Setelah sempat berupaya mencari, HP tersebut tidak juga ditemukan. Selanjutnya korban melaporkan peristiwa kehilangan ke pihak kepolisian, peristiwa itu terjadi pada bulan Juli 2021.

Diterangkan Kejari KSB melalui Jaksa Penuntut Umum (JPU) Arif Widodo Pohan, dari laporan korban, pihak kepolisian selanjutnya melakukan pengembangan. Ditemukan HP korban yang hilang itu, dipungut dan dibawa oleh Heri yang saat itu ditetapkan Polisi sebagai tersangka. Bahkan pihak kepolisian melakukan penahanan terhadap Heri selama satu minggu.

“Sebelum diterapkannya Restoratif Justice, terdakwa Heri sebelumnya dilakukan penahanan selama 1 Minggu di Mapolres KSB” terangnya kepada NTBSatu.com 18 Februari 2022.

Baru ditahap II di bulan November lanjut Arif, dilakukan upaya Restorative Justice, disamping sebelumnya kedua pihak juga sudah melakukan perdamaian secara kekeluargaan.

Heri Mengambil HP dengan Niat menguasainya Secara Pribadi

Mengutip laporan polisi yang disampaikan ke Kejari Sumbawa Barat, Heri dalam hal ini memang berniat untuk menguasai barang (HP) untuk digunakan secara pribadi.

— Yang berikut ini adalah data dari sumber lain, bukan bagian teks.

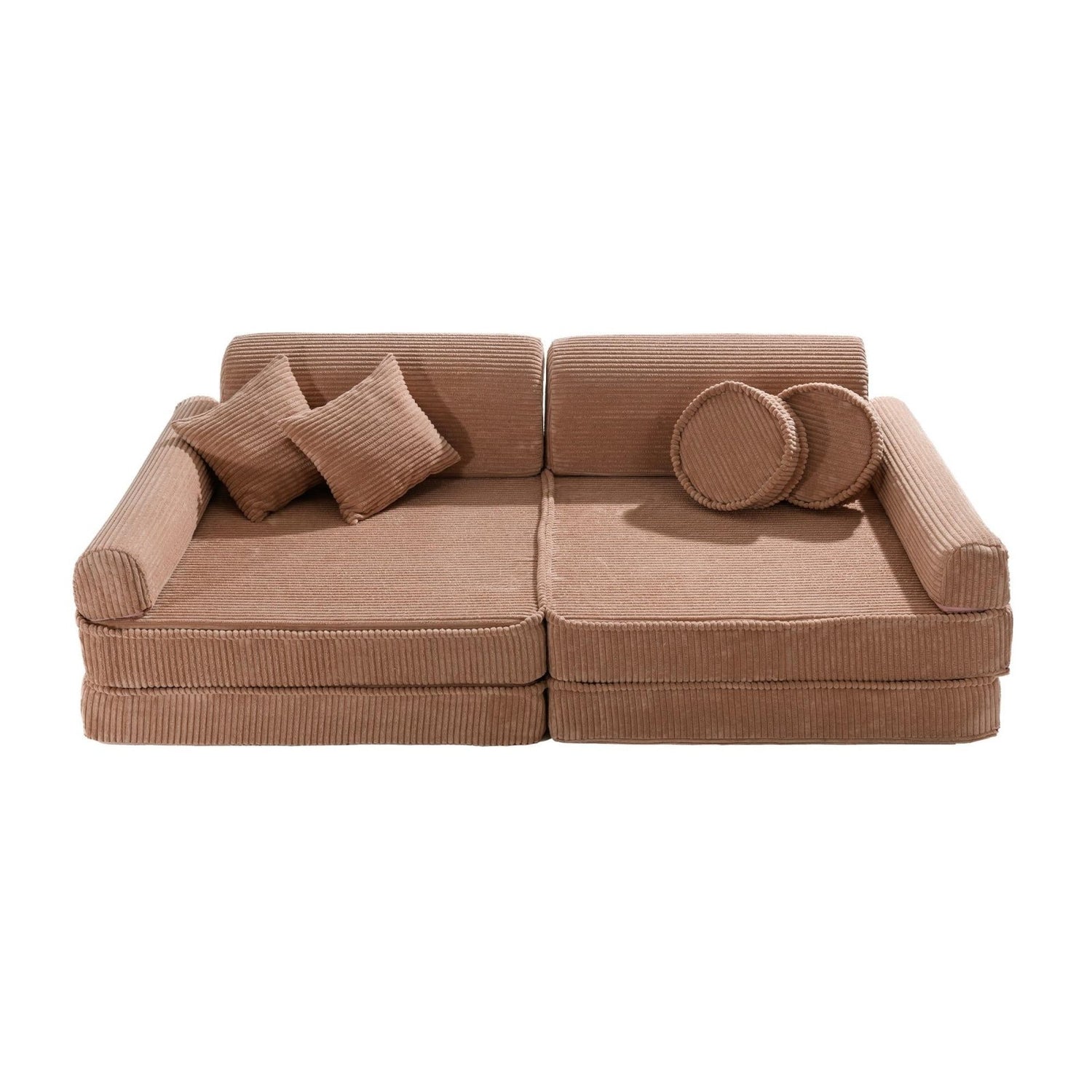 MeowBaby Premium Modulares Sofa Cord - Puderrosa - Kletterling – einfach Kind sein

“Karena memang di jalan tempat ia memungut HP bisa dikatakan sepi, sehingga pelaku saat itu tidak ada niatan untuk mencari bahkan mengembalikan ke pemiliknya,” ujar Arif, dikutip dari keterangan pelaku.

Faktor lain lanjutnya, saat itu tersangka sedang tidak memiliki alat komunikasi sehingga handphone yang ia pungut di jalan tersebut ia pakai untuk keperluan sehari hari.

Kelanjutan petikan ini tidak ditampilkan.